The records START

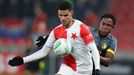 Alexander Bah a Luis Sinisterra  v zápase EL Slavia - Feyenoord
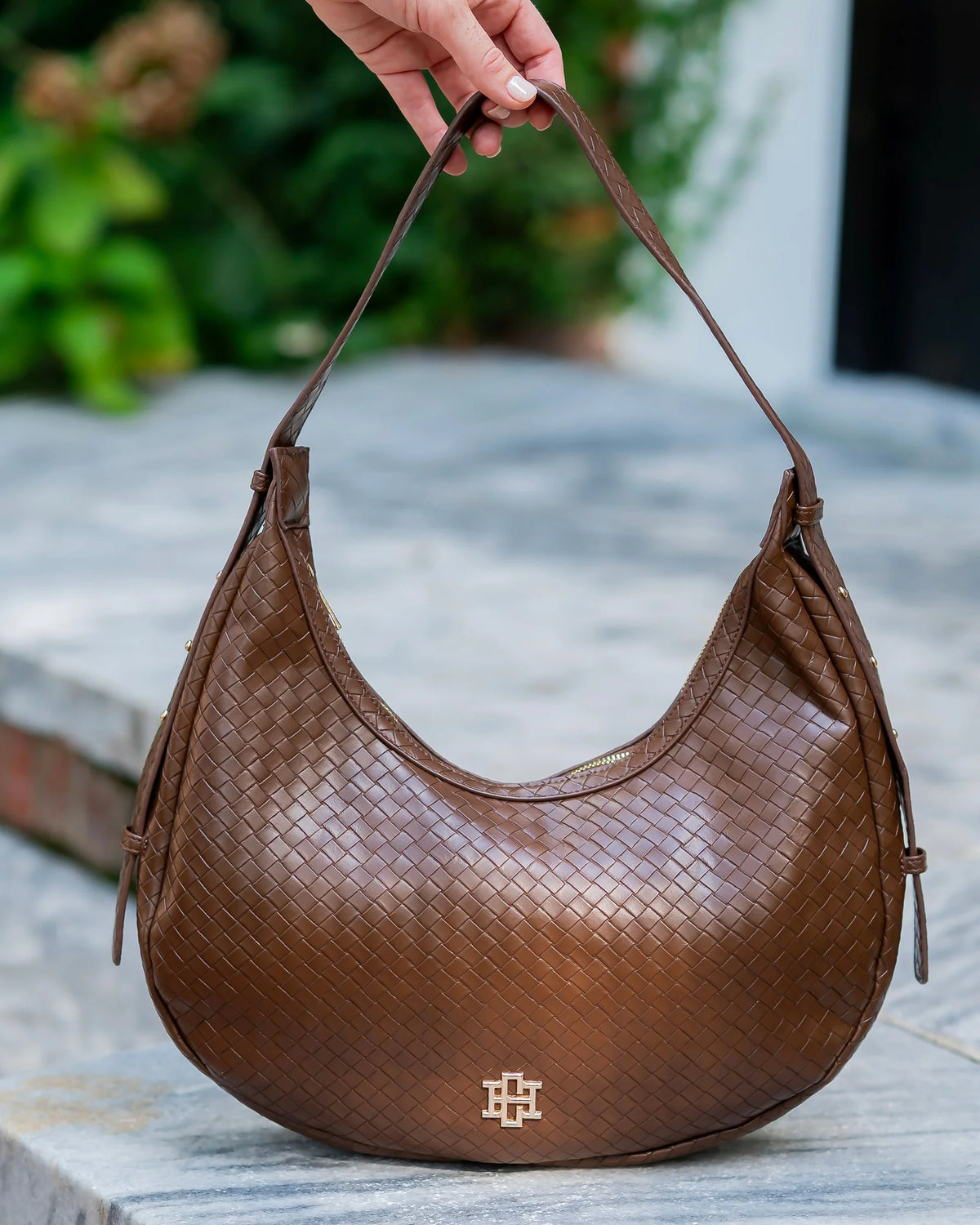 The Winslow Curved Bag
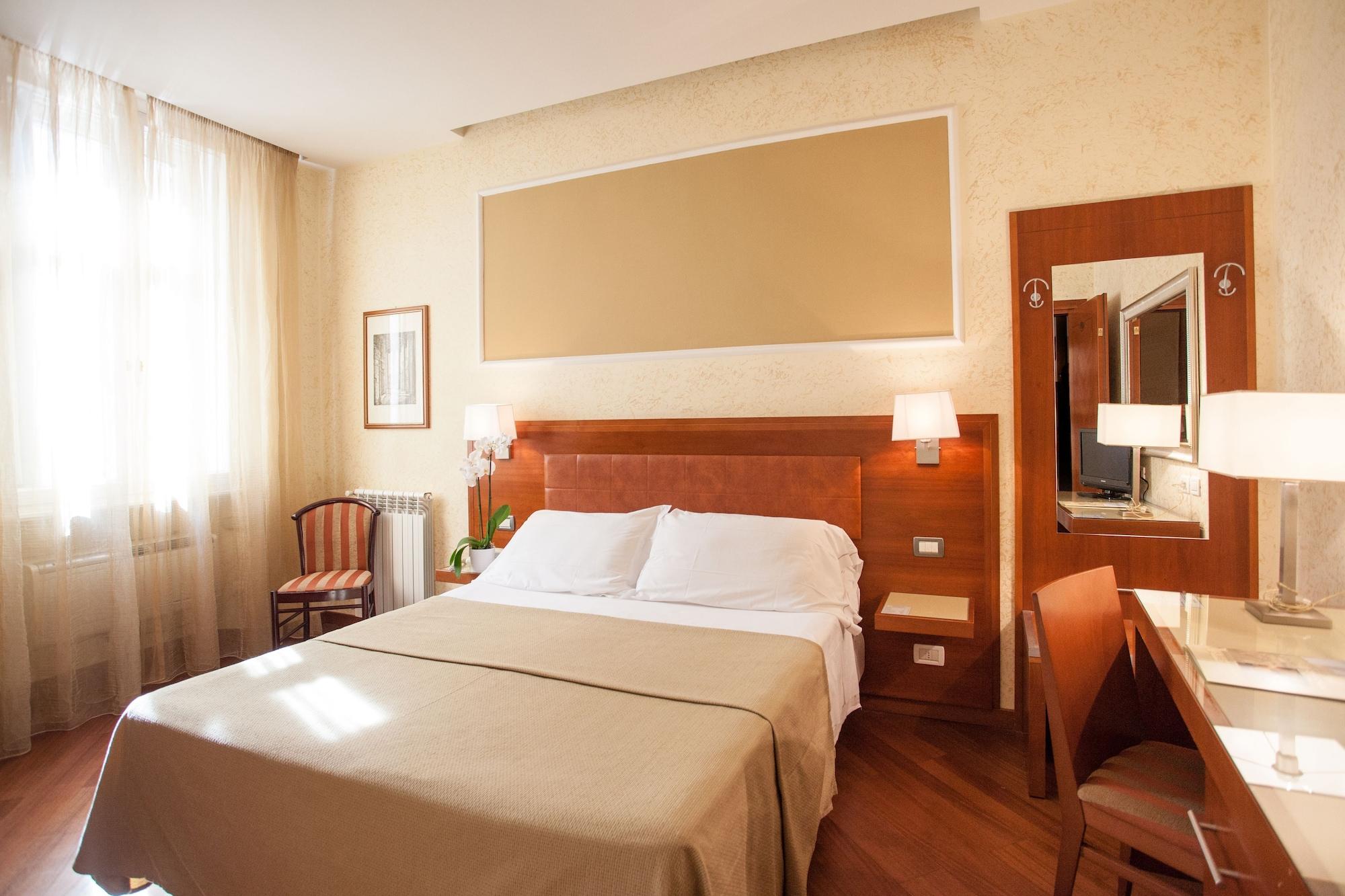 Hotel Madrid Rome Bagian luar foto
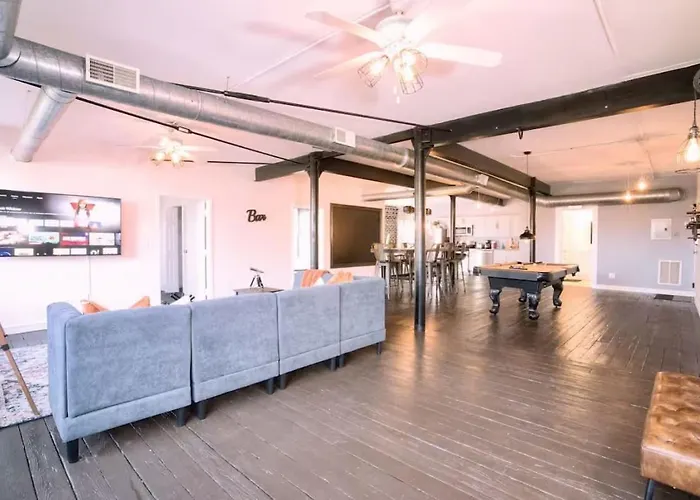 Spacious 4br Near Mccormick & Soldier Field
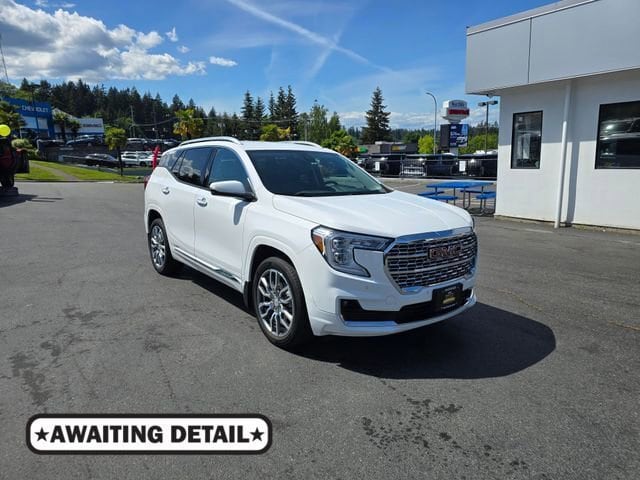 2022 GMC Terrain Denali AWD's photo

The records END

* _Exercise prompt_
Transcribe all the entries precisely. Do not include any picture.

* _Exercise result_
 Alexander Bah a Luis Sinisterra  v zápase EL Slavia - Feyenoord
 The Winslow Curved Bag
 Hotel Madrid Rome Bagian luar foto
 Spacious 4br Near Mccormick & Soldier Field
 2022 GMC Terrain Denali AWD's photo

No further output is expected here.